A biomédica Daniela Bastos, 37 anos, percebeu desde a adolescência que precisava de afinidade afetiva para a atração sexual se desenvolver.“Quando era mais jovem, sentia que havia um respeito maior ao processo de conhecer alguém e se apaixonar até o casal decidir estar junto. Fiquei dez anos casada e, quando novamente solteira, notei uma inversão: relaciona-se sexualmente primeiro para depois estabelecer uma conexão. Foi quando percebi que realmente não me encaixava nisso e comecei a buscar informações sobre”, conta.

História similar à de Saulo*, um funcionário público de 40 anos que se identifica como gay.“Eu sentia que me forçava a ter sexo casual para corresponder a padrões que a sociedade esperava de mim. Eu sempre soube que gostava de sexo, mas precisava de intimidade e confiança para ser prazeroso. Isso me levou a crises depressivas e, pesquisando, descobri que o que eu sentia desde sempre tinha um nome: demissexualidade”, compartilha.

A demissexualidade é uma orientação sexual na qual a pessoa se sente atraída por outra somente quando há o desenvolvimento de um vínculo afetivo entre elas. Ela está dentro do espectro da assexualidade  e apresenta um caráter condicional: o tesão só aparecerá caso intimidade, confiança ou admiração se fizerem presentes.“Pode ser um homem lindo, se não houver uma conexão, eu não me sentirei atraída”, diferencia Bastos.

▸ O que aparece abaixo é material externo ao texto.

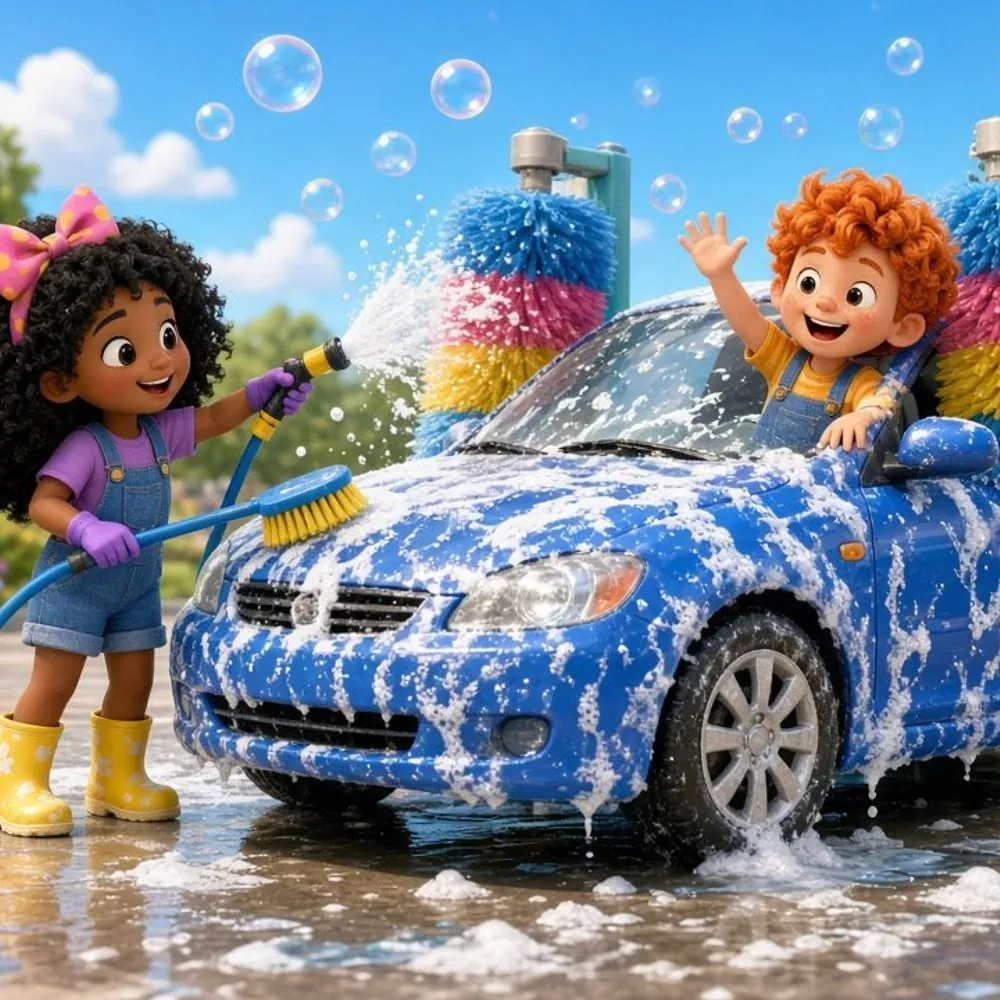 Cover of Maple Street: Car Wash Day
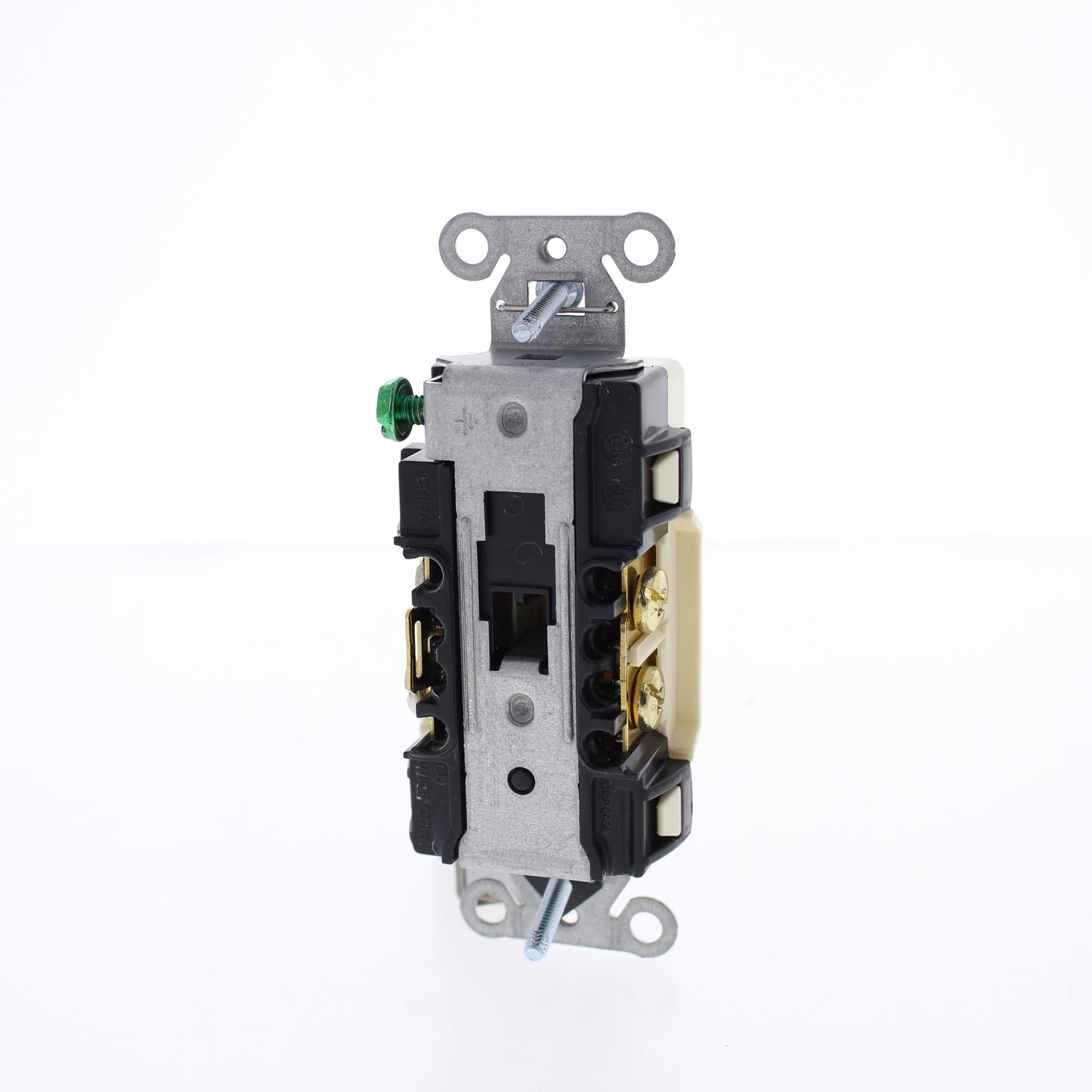 Hubbell Almond Decorator Receptacle Outlet 5-15R 15A Straight Commercial DRS15AL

Assim como Bastos e Saulo, Lucas* – homem trans de 40 anos – só foi descobrir que aquilo que sentia se encaixava na demissexualidade ao pesquisar em fóruns da internet sobre assexualidade.
“As pessoas ainda olham com desconfiança quando me declaro demissexual, acham que você está inventando algo para se sentir especial. Eu sou adulto, não tenho tempo nem interesse nisso e sei como eu funciono. Dessa forma, quando alguém me questiona hoje, eu opto por deixar para lá”, pontua.

Para Saulo, a maior dificuldade relacionada à demissexualidade é a solidão. “Quando quero um relacionamento com alguém, tento estreitar as relações para depois me sentir preparado para o sexo. Caso contrário, farei sem vontade e não haverá prazer. A questão é que nem todos os homens gays entendem isso”, lamenta.

Bastos conta que deixa sua demissexualidade descrita em seu perfil de aplicativos de namoro e procura abordar isso antes do primeiro encontro. “O que eu ouço muito, na tentativa de desmerecer, é algo como ‘mas todo mundo já não é assim?’. Nesse caso, busco ensinar as diferenças. A verdade é que maioria das pessoas fazem sexo sem precisar de condições afetivas”, relata.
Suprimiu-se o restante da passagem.